カットで作る、ミニマルシックな海外ヘア Leverageのトップスタイリスト、Mayuさんが確立したN.Y.ライクなブランディングとは #Z世代のスター発掘

SNSでの競争がどんどん激しくなっている近年。デジタルネイティブ世代の若手美容師たちは、どんな武器を持って激戦を勝ち抜いているのでしょうか?
今回は、ニューヨークにルーツを持つサロン、Leverage(リバレッジ)のスタイリスト・Mayu Yamaokaさんが登場。オープン2年目のサロンに新卒で入社後、まだ形になっていなかった“ミニマルシックな海外ヘア”というサロンのブランディングを確立するため、奔走してきたそうです。
その過程で、Mayuさん自身のブランディングも確固たるものに。今では、韓国ヘアやL.A.風の海外ヘアとは一味違う、N.Y.ライクなレイヤースタイルで人気を集めています。
既存のトレンドスタイルに乗るのではなく、サロンと一緒に作るという選択をしたMayuさんに、そのリアルなプロセスを伺いました。
「ニューヨークで働きたい」サロン選びの第一条件は“ニューヨークルーツ”

私が所属しているLeverageは、ニューヨークにルーツのあるサロンです。現在も、ニューヨークへの出店を大きな目標の一つとして掲げています。
海外、それもニューヨークで働きたいという気持ちは、学生の頃から持っていました。幼少期から家族で海外旅行に行く機会が多かったり、ダンスを長く続けてきたこともあり、海外のカルチャーが身近にあったのだと思います。
映画やファッション、音楽も海外のものが好きですし、ヘアに関しても日本の“かわいい・モテ”といったスタイルより、海外の女性のナチュラルさや強さ、洗練された雰囲気に惹かれていました。中でも、ニューヨークの『都会的なムードの中に、高級感とオールドマネーの空気が混じった雰囲気』が大好きなんです。
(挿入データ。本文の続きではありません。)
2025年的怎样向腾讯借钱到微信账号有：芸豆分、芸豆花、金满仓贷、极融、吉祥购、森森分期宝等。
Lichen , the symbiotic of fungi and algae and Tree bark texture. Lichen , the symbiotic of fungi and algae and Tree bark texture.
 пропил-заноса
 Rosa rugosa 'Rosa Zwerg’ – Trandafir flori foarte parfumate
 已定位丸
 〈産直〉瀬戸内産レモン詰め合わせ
なので、就職活動の時も「ニューヨークで働ける可能性があるサロン」とかなり的を絞って探していました。見つけたサロンは片っ端から見学に行って、最終的に選んだのがLeverageでした。
当時のLeverageは、東京・広尾に1店舗だけ。新卒採用も私の一つ上の先輩が初めてで、ブランディングも今ほど固まっていたわけではありません。それでも、スタッフの雰囲気や、会社として本気で海外進出を目指している空気感に惹かれたんですよね。「ここなら、夢のニューヨークに近づけるかも」と直感的に感じたのを覚えています。
入社当初から、早くお客さまを担当して経験を積んでいきたいという思いがあった私は、1年半でスタイリストデビューを目指すことにしました。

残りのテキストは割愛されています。